--- WHAT THE TASK ASKS ---
Could the records below be restated word for word, without a single picture?

◆ ◆ ◆ ◆

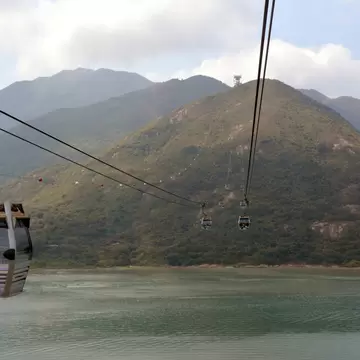 View of the Ngong Ping 360 cable car passing over water on the way to Lantau Island in Hong Kong.
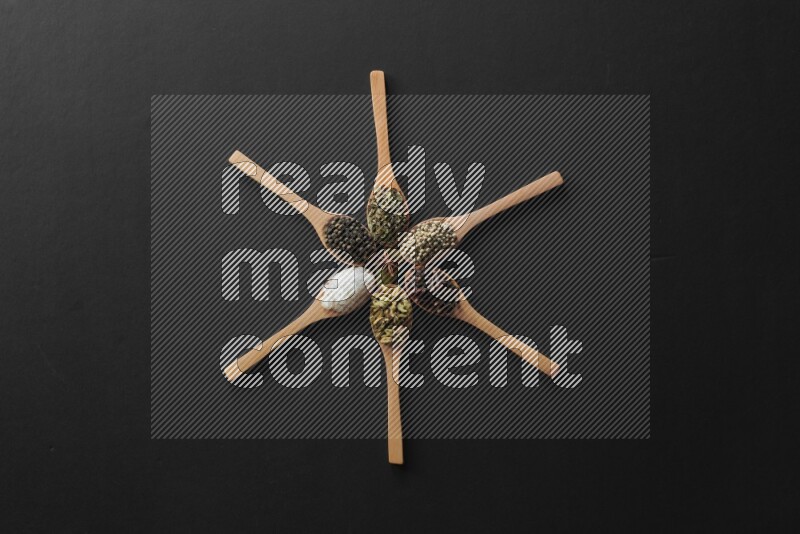 الفلفل الأبيض والقرنفل والهيل والملح والفلفل الأسود والريحان المجفف في معالق خشبية علي شكل ساعة علي خلفية سوداء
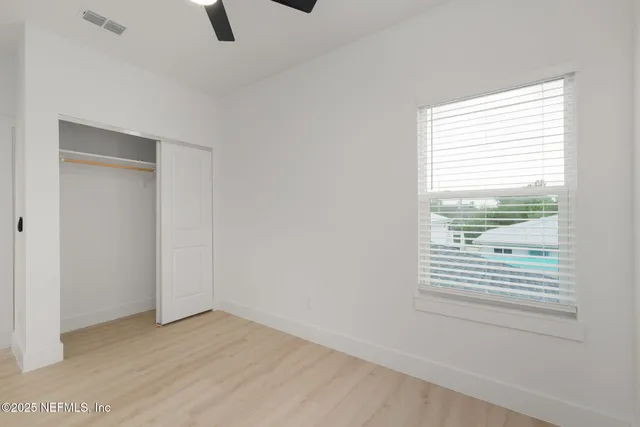 an empty room with window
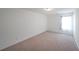 Neutral bedroom featuring carpet, bright windows, and ample space at 1312 Cooper Springs Rd, Grayson, GA 30017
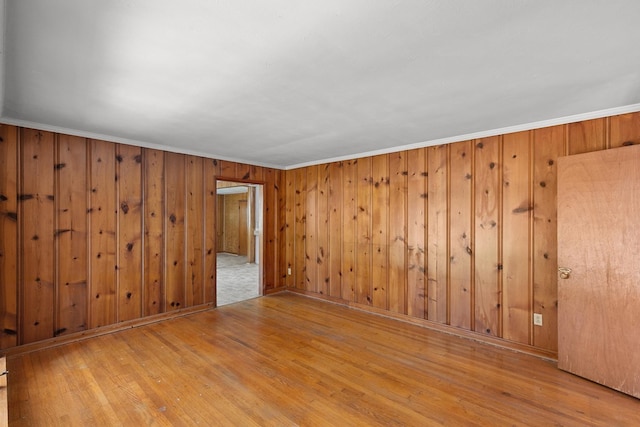 1105 Deborah St, Dothan, AL 36301 - unfurnished room with wood finished floors, wooden walls, and crown molding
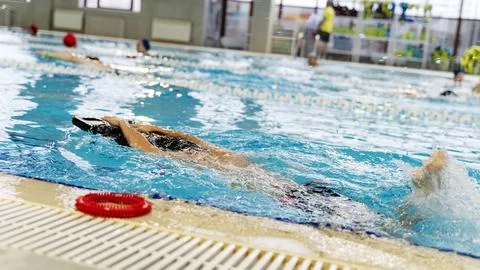Boy in the pool learning to swim with a trainer Stock Photos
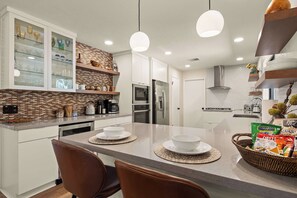 A modern kitchen with a central island, white cabinetry, and a brick backsplash. - The Great Escape! Modern, Secluded Retreat, Views! (Sedona)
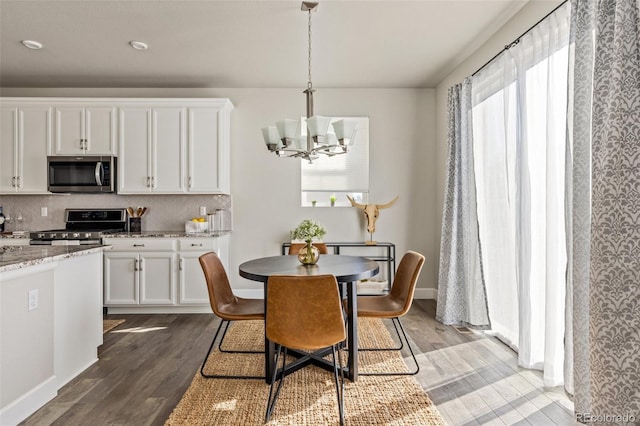 kitchen featuring appliances with stainless steel finishes, pendant lighting, white cabinets, light stone countertops, and dark wood-type flooring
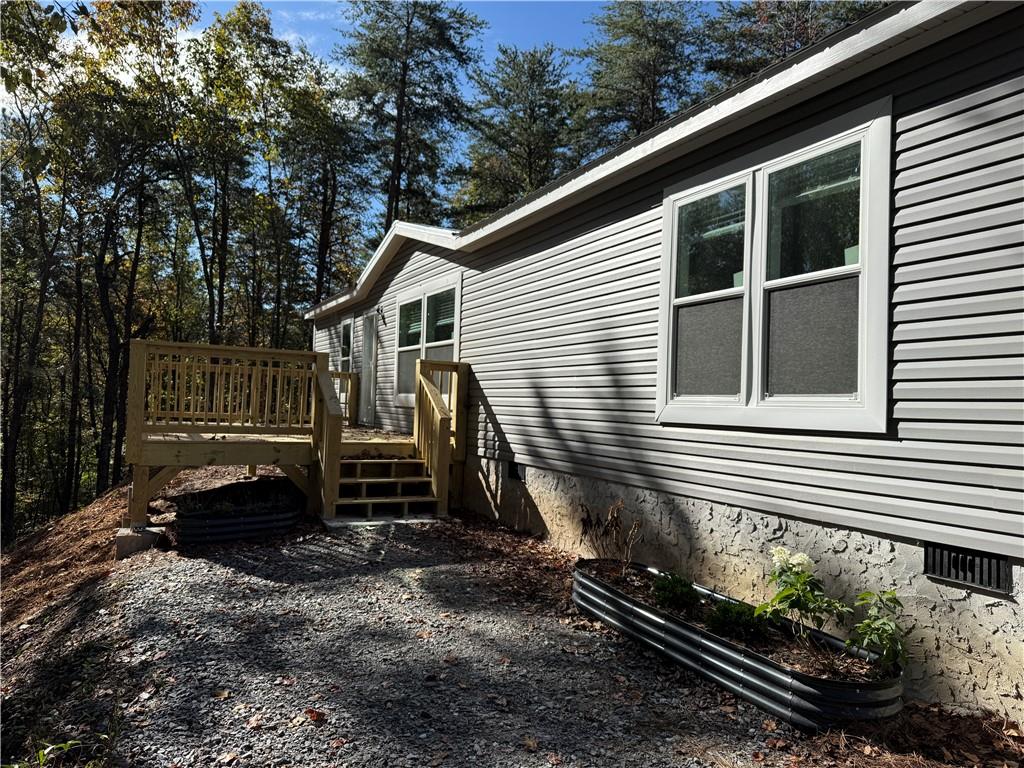 57 Highland Tree Court Ranger, GA 30734 - Photo 3 of 39 a front view of a house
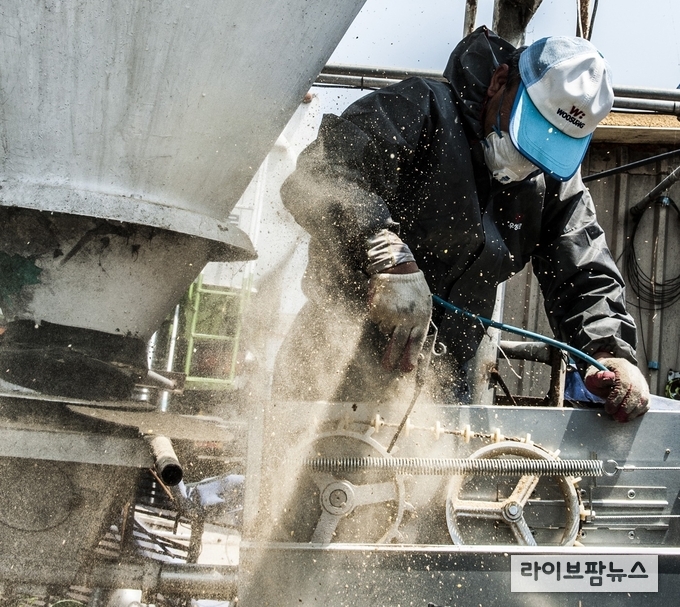 사료 배송 기사가 농장에 도착하여 사료 이송 라인을 에어브러쉬로 청소하고 있다.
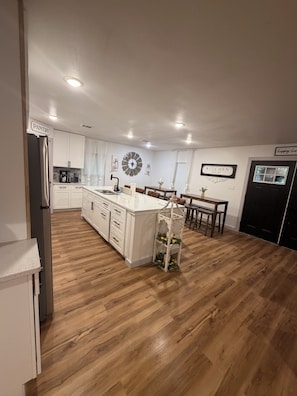 Una cucina moderna con mobili bianchi, un'isola centrale e un'area pranzo con una porta nera.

◆ ◆ ◆ ◆

--- OUTPUT FOR THIS TASK ---
 View of the Ngong Ping 360 cable car passing over water on the way to Lantau Island in Hong Kong.
 الفلفل الأبيض والقرنفل والهيل والملح والفلفل الأسود والريحان المجفف في معالق خشبية علي شكل ساعة علي خلفية سوداء
 an empty room with window
 Neutral bedroom featuring carpet, bright windows, and ample space at 1312 Cooper Springs Rd, Grayson, GA 30017
 1105 Deborah St, Dothan, AL 36301 - unfurnished room with wood finished floors, wooden walls, and crown molding
Boy in the pool learning to swim with a trainer Stock Photos
 A modern kitchen with a central island, white cabinetry, and a brick backsplash. - The Great Escape! Modern, Secluded Retreat, Views! (Sedona)
 kitchen featuring appliances with stainless steel finishes, pendant lighting, white cabinets, light stone countertops, and dark wood-type flooring
 57 Highland Tree Court Ranger, GA 30734 - Photo 3 of 39 a front view of a house
 사료 배송 기사가 농장에 도착하여 사료 이송 라인을 에어브러쉬로 청소하고 있다.
 Una cucina moderna con mobili bianchi, un'isola centrale e un'area pranzo con una porta nera.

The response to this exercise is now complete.